I was in the same room as him twice, although the first one doesn’t count. When I was a senior in college, my friends and I drove to New York over spring break to see him in True West with John C. Reilly. It was the Matthew Warchus production where Hoffman and Reilly drew roles out of a hat each night, and I believe we saw Hoffman play Lee.
Obviously that was wrong, since Hoffman was the nerd, the insecure lump, and Reilly was the swaggering roughneck. But Hoffman played it terrifically—he bullied his brother and gradually fell prey to the same desperate insecurity that was Austin’s defining characteristic at the beginning of the play. It’s a difficult transition to pull off, and a merely talented actor would have conveyed it somberly and convincingly. Hoffman made it fun.
The other time I saw him was three years later, when he came to an opening-night party at PS 122 for a production connected to the Labyrinth Theatre. I told him that I liked his work and thought he was the best actor of his generation, which must have meant a lot coming from a 24 year-old. He was very gracious and extremely wasted, and after shaking my hand spent the next hour eating chicken wings as fast as he could.
It seems to me that Hoffman was a great actor and I was not because he felt things more. Maybe that’s superstition; maybe Hoffman was a great actor because he was exceptionally good at moving his face or noticing things that other people did with their voices and bodies. But watching him from the sound booth, where it was my job to ensure that the PA did not suddenly start playing Public Enemy and fart sounds instead of experimental jazz, I was struck by his vaguely sad exuberance. Wow, I thought, he fucking loves chicken wings.
Maybe that’s the same quality that makes you go nuts for heroin or the stammering repetitions in Brandt’s Lebowksi Achievers scene.
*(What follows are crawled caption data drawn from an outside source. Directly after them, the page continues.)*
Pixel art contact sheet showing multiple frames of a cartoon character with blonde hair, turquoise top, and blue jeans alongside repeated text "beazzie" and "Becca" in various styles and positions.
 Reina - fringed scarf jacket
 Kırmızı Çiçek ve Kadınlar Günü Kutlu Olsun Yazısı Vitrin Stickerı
Maybe Hoffman loved drugs and chicken wings for the same reason he was so good at acting: he loved experiences. A scripted performance, drugs and food are all ways to get a visceral, mostly-guaranteed experience. It’s a way to feel, particularly, and with roles and pills and chicken wings you basically know what you’re going to get.
It cannot have been easy to be Philip Seymour Hoffman. He was a fat-ish, froggy guy who spent his professional life around movie stars. He was an artist and apparent hedonist with two young children. If we buy the theory that great actors feel things more, Hoffman was almost certainly exposed to powerful and periodically painful feelings all the time. He should have just channeled that into great art, but instead he made great art and sometimes took drugs, which eventually killed him.
That’s not fair at all. If I ran things, his performance in Boogie Nights alone would make him immune to one overdose amount of heroin. His death is the kind of injustice that makes me wish I expressed things better, that I could transmute unfairness and disappointment into something beautiful and fun. It makes me wish I was Philip Seymour Hoffman, or that we had another one around.